This page complements the canonical attention-optimization feature doc: - Canonical: FLASH_ATTENTION_VS_CHUNKING.md

What is Window Size?

Window size is NOT about enabling Flash Attention - it's about limiting attention range using a sliding window.

Sliding Window Attention

Instead of each token attending to ALL previous tokens (full attention), it only attends to the N most recent tokens.

Full Attention (window_size = None or 0):
Token 1000 can attend to: Token 1, 2, 3, ..., 999, 1000 (all 1000 tokens)

Sliding Window (window_size = 512):
Token 1000 can attend to: Token 488, 489, ..., 999, 1000 (only 512 tokens)

Why Use Sliding Window?

Benefits

Reduced memory - Less attention computation ✅ Faster training - Fewer attention scores to compute ✅ Enables longer contexts - Can fit more tokens in VRAM ✅ Local coherence - Most relevant context is usually recent

Trade-offs

Limited long-range attention - Can't see tokens outside window ❌ May lose important context - Earlier information might be needed ❌ Not suitable for all tasks - Some tasks need full context

Choosing the Right Window Size

Decision Matrix

Context Length Recommended Window Reasoning
< 2K tokens None (full) No need for windowing, fits easily
2K-8K tokens None or 2048 Full attention works fine
8K-16K tokens 2048-4096 Balance memory and context
16K-32K tokens 1024-2048 Need windowing for efficiency
32K-64K tokens 512-1024 Aggressive windowing needed
64K-100K tokens 256-512 Very aggressive windowing
100K+ tokens 256 Maximum memory savings

Rule of Thumb

if context_length < 8192:
    window_size = None  # Full attention
elif context_length < 32768:
    window_size = 2048  # Moderate window
else:
    window_size = 512   # Aggressive window

Window Size vs Context Length

IMPORTANT: Window size is NOT the same as max sequence length!

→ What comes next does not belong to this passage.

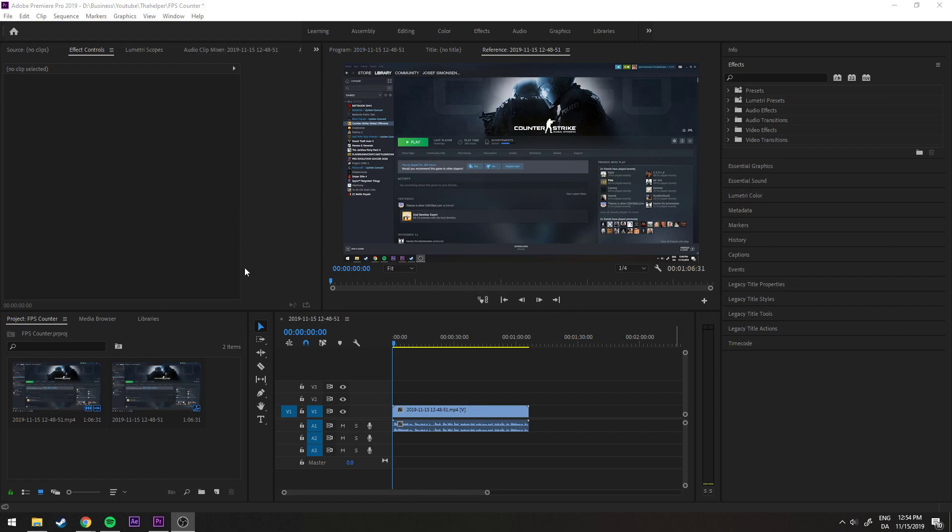Hey guys, a quick tutorial here on how to add cinematic black bars on Premiere Pro videos. I have my footage here and I would like to add black bars at the top and the bottom to give it a movie feel.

max_seq_len = 50000    # How many tokens to train on
window_size = 512      # How far each token can "see" back

Example with 50K tokens:
├─ Token 1:    Sees tokens 1 (only itself)
├─ Token 100:  Sees tokens 1-100 (all previous, window not limiting yet)
├─ Token 1000: Sees tokens 488-1000 (512 token window)
└─ Token 50000: Sees tokens 49488-50000 (512 token window)

Practical Examples

Example 1: Short Story (4K tokens)

max_seq_len: 4096
window_size: None  # Full attention - story is short enough
use_flash_attn: True  # Enable Flash Attention for speed
Result: Each word can see the ENTIRE story

Example 2: Long Document (32K tokens)

max_seq_len: 32768
window_size: 2048  # Sliding window - see ~2K tokens back
use_flash_attn: True  # Enable Flash Attention for efficiency
Result: Each word sees ~2K tokens of recent context

Example 3: Extreme Context (100K tokens)

max_seq_len: 100000
window_size: 512   # Very limited window - memory constrained
use_flash_attn: True  # Enable Flash Attention
use_chunked_training: True  # Also enable chunking
chunk_size: 2048   # Process in 2048-token chunks
Result: Each word sees only ~500 tokens back, processed in chunks

Window Size for Different Tasks

Full Attention (window_size = None)

Best for: - Short contexts (< 8K tokens) - Tasks requiring global understanding - Document classification - Sentiment analysis

Medium Window (1024-4096)

Best for: - Long documents (8K-32K tokens) - Story writing - Technical documentation - Most training scenarios

Small Window (256-512)

Best for: - Extreme contexts (50K+ tokens) - Memory-constrained scenarios - Stream-of-consciousness text - Chat logs

How Flash Attention Uses Window Size

With Flash Attention 2 Enabled

if window_size is not None:
    # Flash Attention uses efficient sliding window
    window = (window_size - 1, 0)  # Look back window_size-1 tokens
    output = flash_attn_func(q, k, v, causal=True, window_size=window)
else:
    # Flash Attention with full attention
    output = flash_attn_func(q, k, v, causal=True)

Without Flash Attention (Fallback)

if window_size is not None:
    # PyTorch SDPA with manual mask (less efficient)
    mask = create_sliding_window_mask(window_size)
    output = scaled_dot_product_attention(q, k, v, attn_mask=mask)
else:
    # PyTorch SDPA with full attention
    output = scaled_dot_product_attention(q, k, v, is_causal=True)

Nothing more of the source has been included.